School names and mascots have been changing all over the Pacific Northwest: Why?


Steele Clevenger

The Board of Trustees will decide whether Charlie Crusader remains at Jesuit High School or not.

In light of the protests regarding police brutality mixed with the frustration from ethnic and racial groups over cultural appropriation, mascots and school names have been changed to fit a more socially acceptable mold. 

According to The Oregonian, back in 2012, the State Board of Education ruled that at least 15 Oregon schools must get rid of their Native American-themed mascots by 2017 or risk losing state funding.

According to an article by Alaska Public Media, in 2021, Washington state officials passed a law banning Native American names and mascots in schools, unless a nearby tribe approved of the name.

Since these statements have been made, hundreds of schools across the country have rushed to change their school names and mascots. Oregon and Washington in particular have had a high number of school name and mascot changes over the years, as the concentration of Native American tribes in the Pacific Northwest is high. Here are some examples:

On April 16, 2021, Columbia River High School in Vancouver, Washington changed its name from the Chieftains to the Rapids.
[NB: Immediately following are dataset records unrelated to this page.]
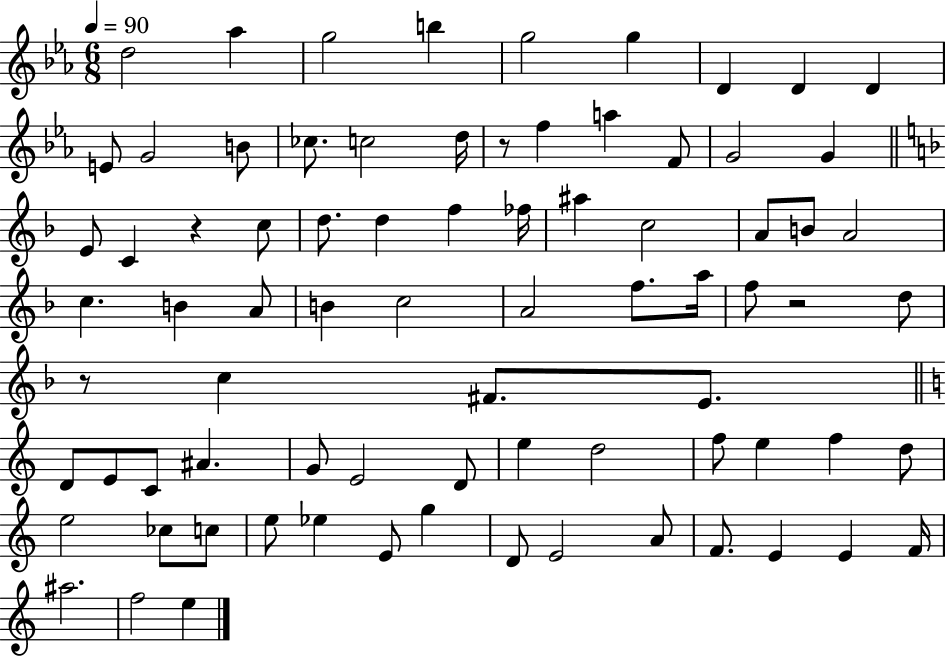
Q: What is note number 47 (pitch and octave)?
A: E4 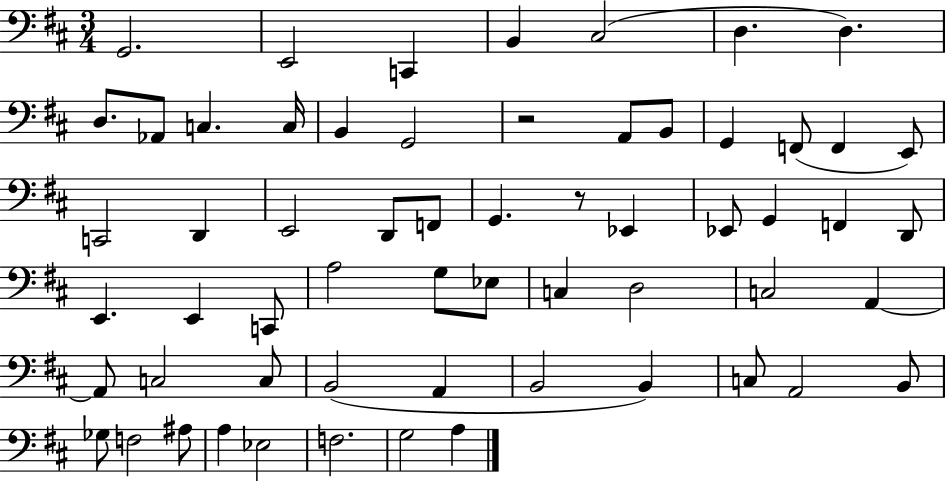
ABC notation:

X:1
T:Untitled
M:3/4
L:1/4
K:D
G,,2 E,,2 C,, B,, ^C,2 D, D, D,/2 _A,,/2 C, C,/4 B,, G,,2 z2 A,,/2 B,,/2 G,, F,,/2 F,, E,,/2 C,,2 D,, E,,2 D,,/2 F,,/2 G,, z/2 _E,, _E,,/2 G,, F,, D,,/2 E,, E,, C,,/2 A,2 G,/2 _E,/2 C, D,2 C,2 A,, A,,/2 C,2 C,/2 B,,2 A,, B,,2 B,, C,/2 A,,2 B,,/2 _G,/2 F,2 ^A,/2 A, _E,2 F,2 G,2 A, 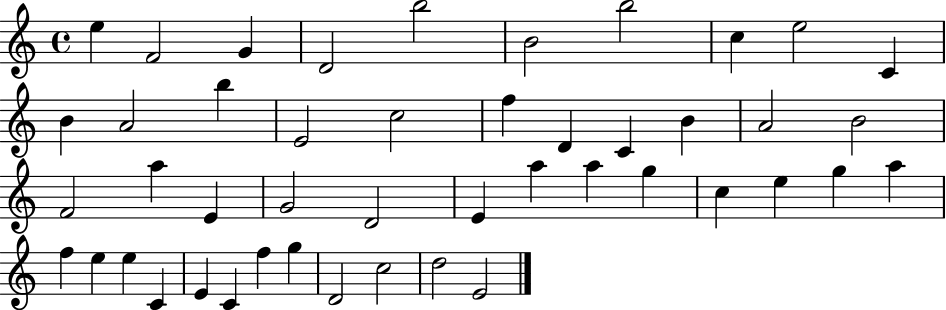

 Ida B. Wells High School, formerly known as Woodrow Wilson High School in Southwest Portland, changed its name due to former President Woodrow Wilson’s racist views.

According to the National Women’s History Museum, Ida B. Wells-Barnett was an African-American journalist, activist and researcher in the 19th century, who shed light on the conditions of African Americans in the South.

In 2018, South Eugene High School was asked to change their mascot name to “The Axe” from “The Axemen,” in order to keep the name gender-neutral. 

In another instance in Oregon, Roseburg High School students and alumni have been pushing to change their mascot from the “Indians” to something more appropriate.

This May, however, Roseburg’s school board ruled to keep the mascot name, though Native American imagery around the school has been removed, according to an article written by U.S. News. 

These instances are a few of many across all fifty states. Due to claims of cultural appropriation, or the adoption of an element or elements of one culture or identity by members of another culture or identity, school mascots relating to Native-American tribal imagery or religious imagery can be deemed inappropriate to represent a school.

At our own Jesuit High School, the “Crusader” mascot is being evaluated for its appropriateness as the mascot of a school which values inclusivity, justice, and giving everyone a voice. While the Crusader may not be deemed an example of cultural appropriation, it can be seen as an exclusive symbol of Catholic superiority.

Jesuit High School’s Board of Trustees has been diligently coming to a decision as to whether the “Crusader” mascot is an appropriate figurehead for the school. The Board will reach a consensus sometime in June.